I came across the album sometime last year when I was scrolling through YouTube and found the music video for “Time”. It is my favourite song on the album, and I couldn’t describe then how I felt about the song, and I can’t now. All I recall feeling after hearing it initially was the urge to listen to it repeatedly. There was something in the song’s lyrics that captivated me or perhaps, it was a far more superficial reason being that I just thought it sounded really good.

Furthermore, Ben Bateman of Varsity Newspaper says, “among the inspiration for the song, according to multiple interviews with Roger Waters was the realisation that they were no longer waiting for anything in life, and that they have been using up their time ever since being born.” I think what the song expresses about genuine feelings of boredom towards life, contrasting with the anxiety that comes with fears of dying, without truly living is a relatable feeling. With each waking day you sometimes feel as time goes, experiences go and your life with it. The song may say “you are young, and life is long and there is time to kill today,” seemingly reminding its listeners that although they may feel like they’ve wasted time living aimlessly, it’s imperative to remember that it is nice to “kill” time doing what one loves or even doing nothing at all. But I think the song makes a bigger statement about not wasting time and living your life now before “the sun” fades behind you and you find you’re “one day closer to death.”

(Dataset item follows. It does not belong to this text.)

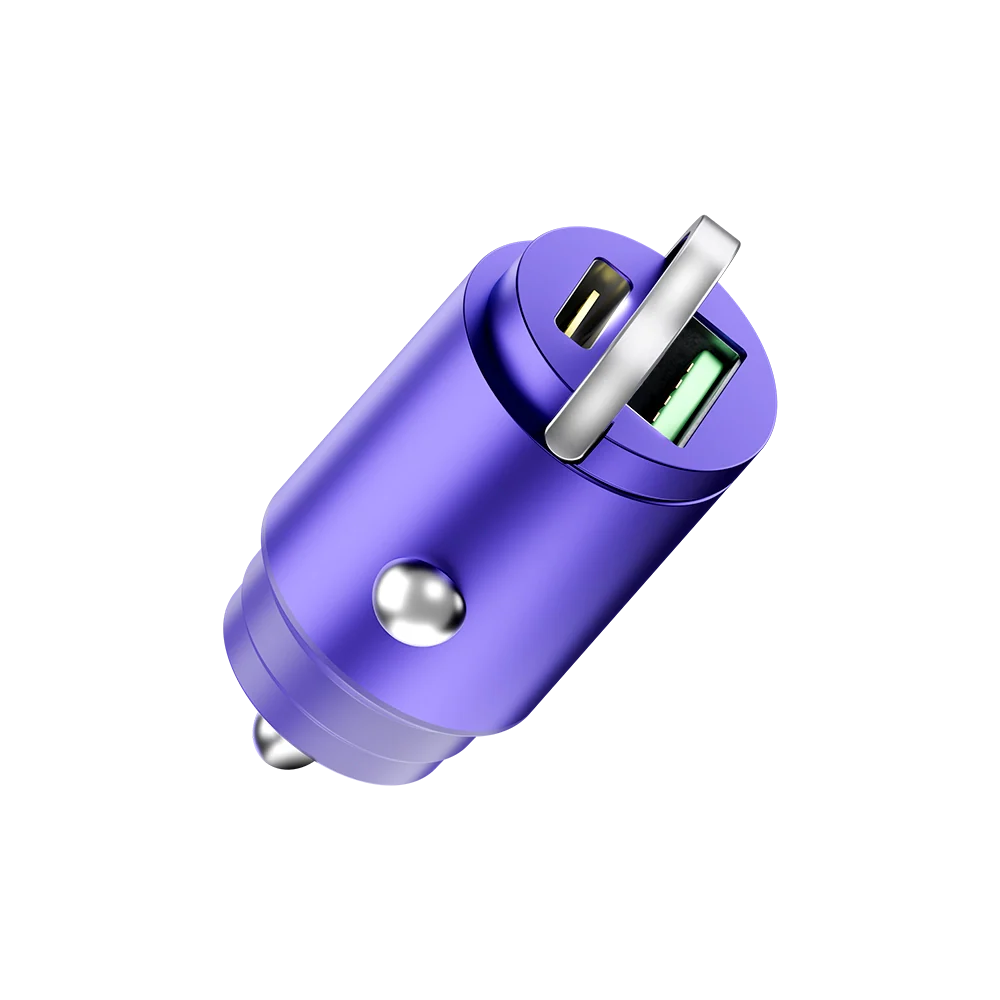L-602 VYNOX | Car Charger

The main theme of the iconic concept album may revolve around the pressures and struggles of an existence as a musician, nevertheless, ideas of mania, expiration and wealth are still explored. However, I think it’s their exploration of wealth in the song “Money” that truly transfixes me. Not only does the song put visuals in my mind of an elaborate opening shot of an incredibly wealthy family basking in their opulence, in a film, but it makes me want to dance and share in the “hit” that money provides.

To me, what makes the song great is David Gilmour’s howling guitar lead, what Rolling Stone describe to be the “sound collage loop made up of ringing cash registers and rattling coins” and the line of the song that sticks with me most: “Money, so they say, is the root of all evil today”.

To close, I’ll steal some lines from “Brain damage” that illustrate more eloquently than I can how I truly feel about this album, “I can’t think of anything to say, I think it’s marvellous.”